Cooks From Philippines
The kitchen is staffed by cooks brought from the Philippines, and Corazon Tamayo makes some of the desserts herself, among them flan (be sure to have it with the coconut preserves called macapuno) and halayang ube, a sweet paste made from a purple yam that grows in the Philippines.
On a first visit, try familiar-tasting dishes such as fried chicken and barbecued pork. The chicken is superb. There is no great trick to it, just good seasoning and no clumpy breading. The pork, strung on skewers like satay, has a luscious sweet glaze. Don’t confuse it with the barbecued pork chop meat, which is drier and tastes more of charcoal.
Bulalo steak may sound immensely foreign, but the meat is like grandmother’s pot roast. It comes sliced and stacked on a bulbous knuckle bone, which yields the marrow (bulalo) that Filipinos regard as a treat. (Testifying to that, the marrow disappeared from my helping before it reached the table.)
The menu is riddled with Tagalog and Spanish terms. However, a Spanish dictionary will be of little help. Here, tocino is not bacon, as the dictionary says, but specially cured bits of pork that taste sweet and crispy. The meat is succulent, but frying makes it rather oily. And lechon kawali-- deep-fried belly pork--is downright fatty.
House Specialty
In the Philippines, tasty fat is highly regarded. In the United States, health concerns make it a detriment. But damn the cholesterol and full speed ahead when the approaching dish is crispy pata. The crisp skin and tender, juicy meat clinging to the deep-fried, knobby bones are irresistible. It’s a house specialty and possibly the most popular dish at the restaurant.

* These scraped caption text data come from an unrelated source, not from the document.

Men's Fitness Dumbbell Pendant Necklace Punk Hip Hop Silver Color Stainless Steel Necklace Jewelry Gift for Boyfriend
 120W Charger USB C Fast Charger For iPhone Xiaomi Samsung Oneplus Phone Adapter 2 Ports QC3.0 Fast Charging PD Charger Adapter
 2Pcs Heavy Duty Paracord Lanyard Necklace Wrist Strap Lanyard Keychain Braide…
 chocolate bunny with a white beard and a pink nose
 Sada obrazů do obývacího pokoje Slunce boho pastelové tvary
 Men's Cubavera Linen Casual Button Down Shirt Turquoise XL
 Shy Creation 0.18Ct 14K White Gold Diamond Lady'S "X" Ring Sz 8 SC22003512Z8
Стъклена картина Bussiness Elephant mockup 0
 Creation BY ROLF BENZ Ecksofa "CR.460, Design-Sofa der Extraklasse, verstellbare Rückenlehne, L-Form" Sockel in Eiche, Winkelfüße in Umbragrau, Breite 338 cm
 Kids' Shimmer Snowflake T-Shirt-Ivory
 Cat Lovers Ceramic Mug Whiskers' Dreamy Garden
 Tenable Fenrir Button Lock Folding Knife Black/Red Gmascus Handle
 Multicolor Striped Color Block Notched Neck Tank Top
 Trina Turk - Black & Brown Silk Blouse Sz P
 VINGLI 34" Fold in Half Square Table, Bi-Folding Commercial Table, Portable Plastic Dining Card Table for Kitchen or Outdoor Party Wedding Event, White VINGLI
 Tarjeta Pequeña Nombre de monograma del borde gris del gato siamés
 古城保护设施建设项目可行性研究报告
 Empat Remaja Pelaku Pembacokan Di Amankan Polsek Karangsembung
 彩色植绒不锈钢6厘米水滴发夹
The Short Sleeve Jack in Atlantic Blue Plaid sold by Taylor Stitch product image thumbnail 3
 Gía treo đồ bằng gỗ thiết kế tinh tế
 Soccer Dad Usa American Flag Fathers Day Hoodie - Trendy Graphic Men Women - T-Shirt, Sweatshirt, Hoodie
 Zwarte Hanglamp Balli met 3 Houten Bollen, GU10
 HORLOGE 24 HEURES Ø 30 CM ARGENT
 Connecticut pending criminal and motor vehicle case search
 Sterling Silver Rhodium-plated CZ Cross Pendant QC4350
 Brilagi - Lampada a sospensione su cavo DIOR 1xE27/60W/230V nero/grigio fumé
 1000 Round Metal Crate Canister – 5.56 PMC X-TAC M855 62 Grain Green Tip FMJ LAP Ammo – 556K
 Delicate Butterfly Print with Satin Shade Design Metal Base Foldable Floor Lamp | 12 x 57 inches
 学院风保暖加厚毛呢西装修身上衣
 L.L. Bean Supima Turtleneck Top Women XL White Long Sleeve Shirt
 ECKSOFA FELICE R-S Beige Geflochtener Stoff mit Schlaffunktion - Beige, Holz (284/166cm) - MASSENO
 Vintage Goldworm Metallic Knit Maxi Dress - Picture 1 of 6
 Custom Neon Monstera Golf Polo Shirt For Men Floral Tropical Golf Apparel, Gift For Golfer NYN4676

Another specialty is kare kare, an oxtail stew. Vibrantly yellow, like a zesty Thai or Indian curry, the sauce promises exciting flavor. Sadly, it had none, except for a faint hint of peanuts, and my bowlful was barely lukewarm. Furthermore, I received a utilitarian white bowl, not the quaint earthen pot on a warming stand that usually holds this dish.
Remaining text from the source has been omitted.